For those keeping score (and I always do), my partner and I went 7-5, 3-6, 6-2, 6-2 against 4 different teams. We should have won that second set, but it was closer than the score. My partner served up 10 double faults out of nowhere in that set. The only difference is that I served most of my double faults in the first set, and they were weaker opponents so I got away with it.
Three volleys from the last set stick in my mind. I was thinking about them during the little drive between homes today.
On the first, I volleyed exactly where I wanted to, but I had chosen a poor target. I aimed too high, and the other joker could have toasted me down the line. He went for the right shot, but it hit 6 inches too low.
On the second, I went down after the ball with perfect form for a short volley, and put the ball exactly where I wanted it. Both opponents took one step for it and quit. They had no chance. Given the speed of the incoming ball, it was highlight reel stuff.

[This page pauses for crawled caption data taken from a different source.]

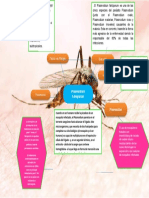 Plasmodium Falciparum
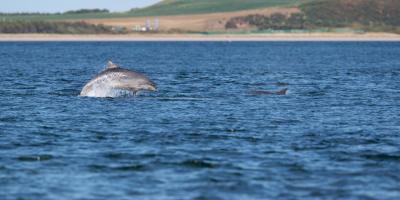 Gower Coast Adventures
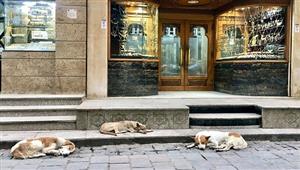 اقبال كثيف بلا شراء.. كيف انعكست قفزة الذهب على شارع الصاغة؟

On the third, the ball was coming fast and I lined it up and picked a good spot, but hit it with my racket frame such that it dropped into the net. Sometimes you get lucky off those frame shots, but not this time. I certainly did not deserve to get lucky off that error.
On the first shot luck was with me. On the second, there was no luck and it made for something beautiful. On the third, luck was against me.
The most frustrating thing about tennis for me is that it would still be a perfect game if the luck were removed from it. It would be a very different game, but it would be a heartbreakingly, breathtakingly beautiful one.
Tennis is not tic-tac-toe. If I always hit the ball exactly where I mean to, and if my opponent does too, points will still be won and lost. In tic-tac-toe or checkers, a perfectly played game results in a draw. In tennis, a perfectly played point results in a win. It's a head-to-head game, and one player always has a better idea than the other.
On the court, I always want to measure my ideas against my opponent's. That only happens on about 1 in 10 points, and it's depressing. At the professional level, about 1 in 3 points ends with a blunder, 1 in 2 with a forced mistake, and 1 in 6 with a clear winning shot. At my level the numbers don't look anywhere near that good.
So tennis at my level is best played realistically. Wise players don't try to outplay their opponents, but to sell them enough rope to outplay themselves. I'm learning to play that game, but I really wish I didn't have to.
I wish we all could play ideal tennis.
And that's always been one of my biggest problems in tennis. I give both myself and my opponent too much credit, and play too many unrealistic points.
I won last night, as much as for any reason, because my opponents made more errors than I did. Now I just need to learn to take pride in that.
(Christian applications of this abound, but I won't belabor them.)